What to do: Emit a verbatim copy of the lines below from the line with "Smart electric ball" through the line with "Snapklik.com : Cheetah", excluding pictures and everything outside that range.

(Beginning of Task input)

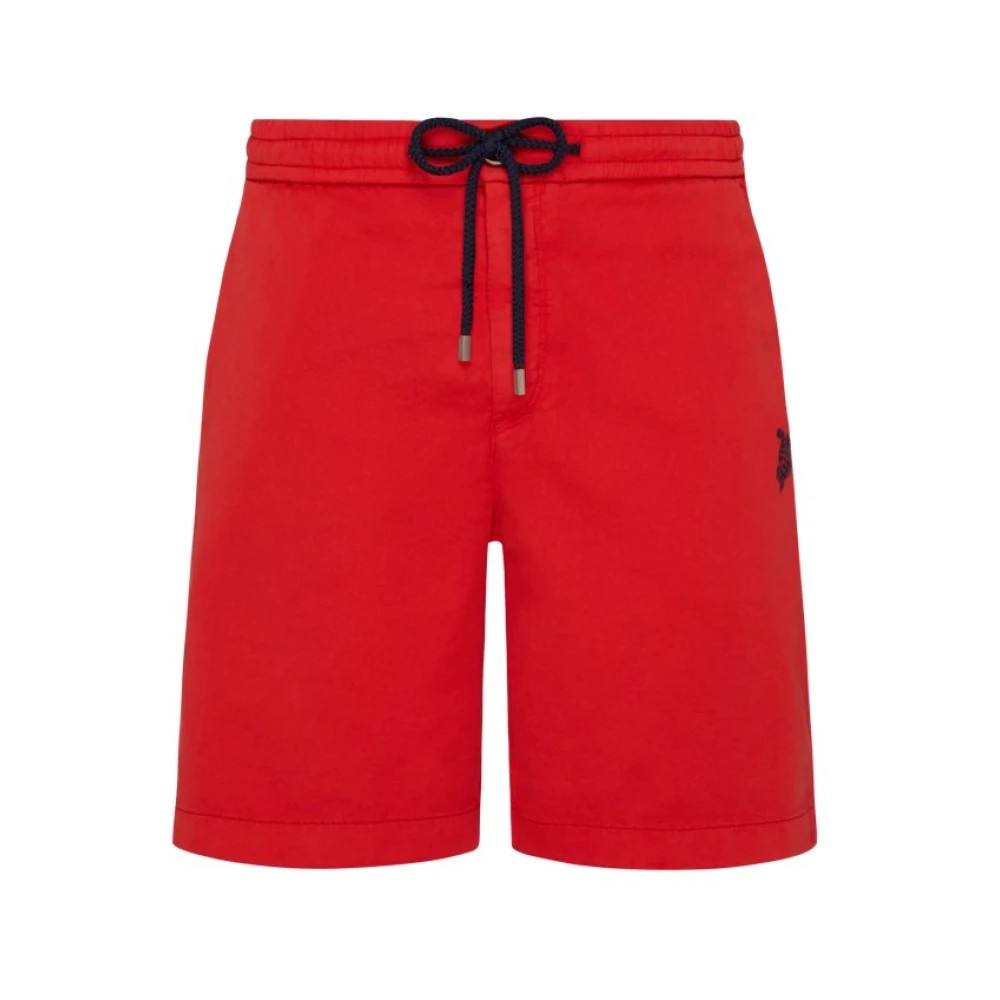 Red cotton stretch Bermuda shorts by Vilebrequin, featuring an elastic waistband with a navy drawstring and a small turtle logo on the side, size 38.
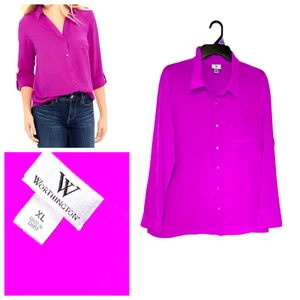 Worthington Gauze Top Size Xl Pink Popover Silk Semi Sheer Blouse Tunic Purple - Picture 1 of 8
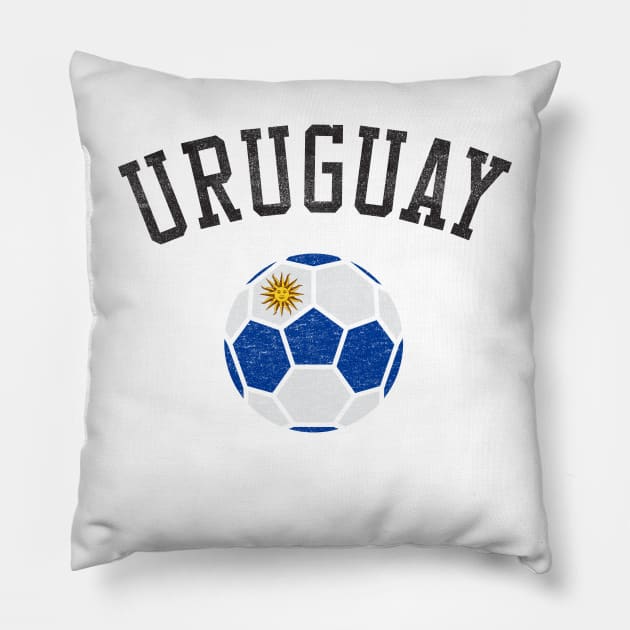 Uruguay Soccer Team Heritage Flag Pillow by ryanjaycruz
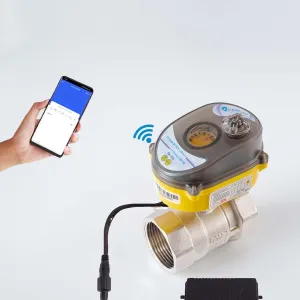 Smart electric ball valve, 1 1/4 inch full-bore ball valve, Tuya APPwifi water shut-off valve, actuator 24V AC110V-230V power adapter, automatic backflow setting. Timing water valve DN32MM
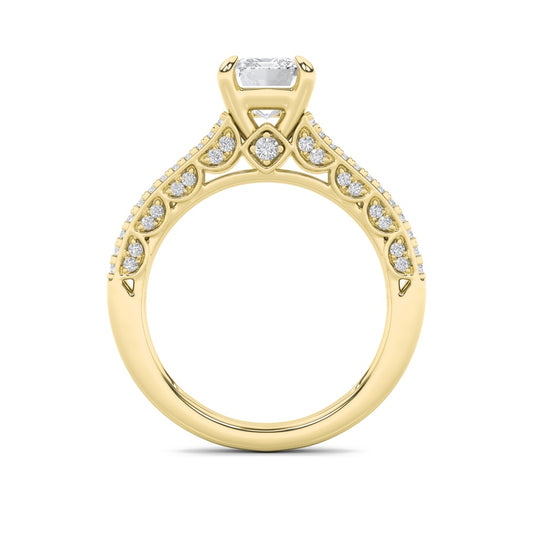 2Cttw Radiant Shaped Lab Grown Diamond (F/VS) Split Shank Accented Engagement Ring in 14K Gold
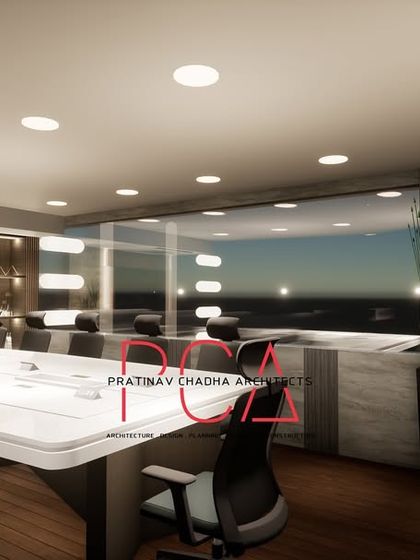 A visualization of a conference room in Narela, designed with minimalistic tones. This view highlights the large conference table and the expansive window, creating a space that feels both professional and connected to the outdoors.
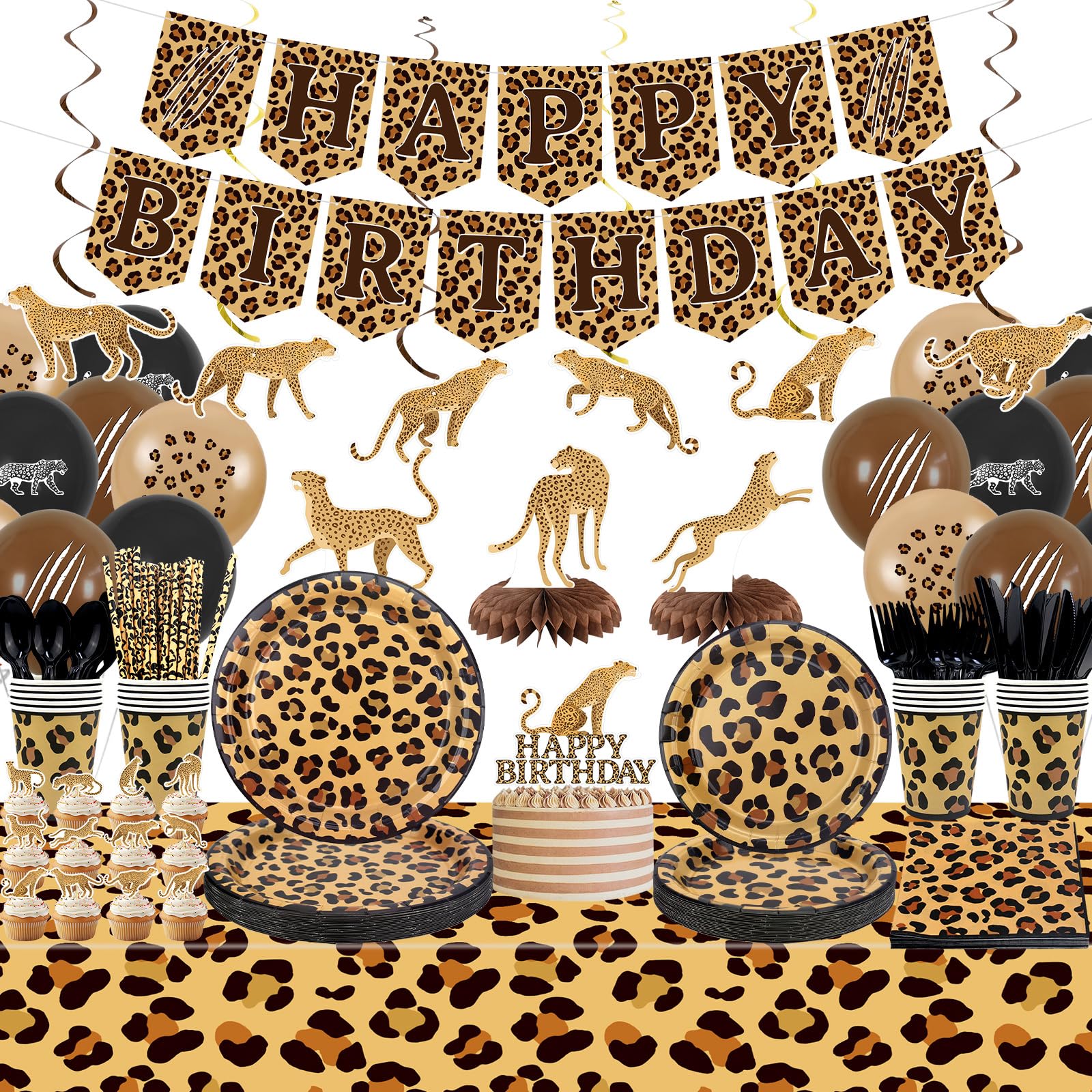 Snapklik.com : Cheetah Birthday Decorations Leopard Print Party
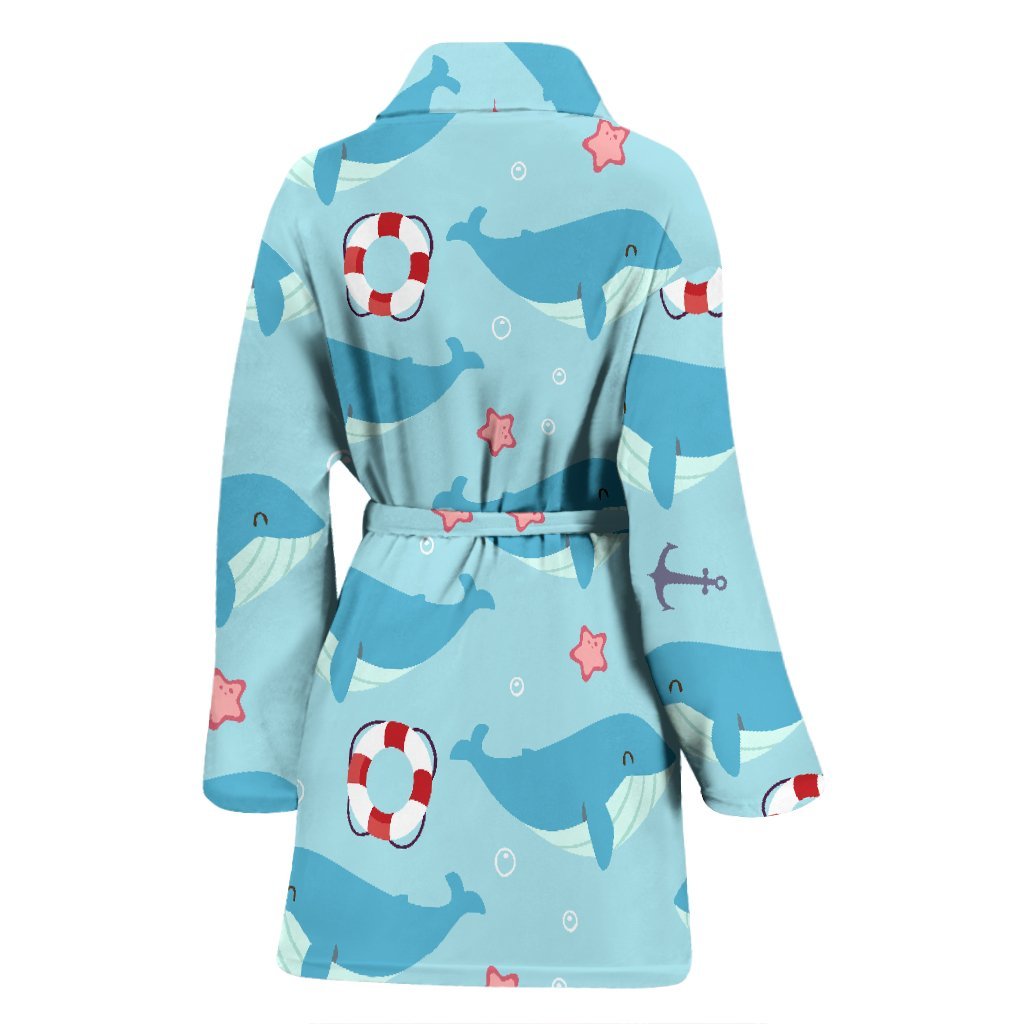 Whale Humpback Pattern Print Women Long Robe-grizzshop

(End of Task input)

Output:
 Smart electric ball valve, 1 1/4 inch full-bore ball valve, Tuya APPwifi water shut-off valve, actuator 24V AC110V-230V power adapter, automatic backflow setting. Timing water valve DN32MM
 2Cttw Radiant Shaped Lab Grown Diamond (F/VS) Split Shank Accented Engagement Ring in 14K Gold
 A visualization of a conference room in Narela, designed with minimalistic tones. This view highlights the large conference table and the expansive window, creating a space that feels both professional and connected to the outdoors.
 Snapklik.com : Cheetah Birthday Decorations Leopard Print Party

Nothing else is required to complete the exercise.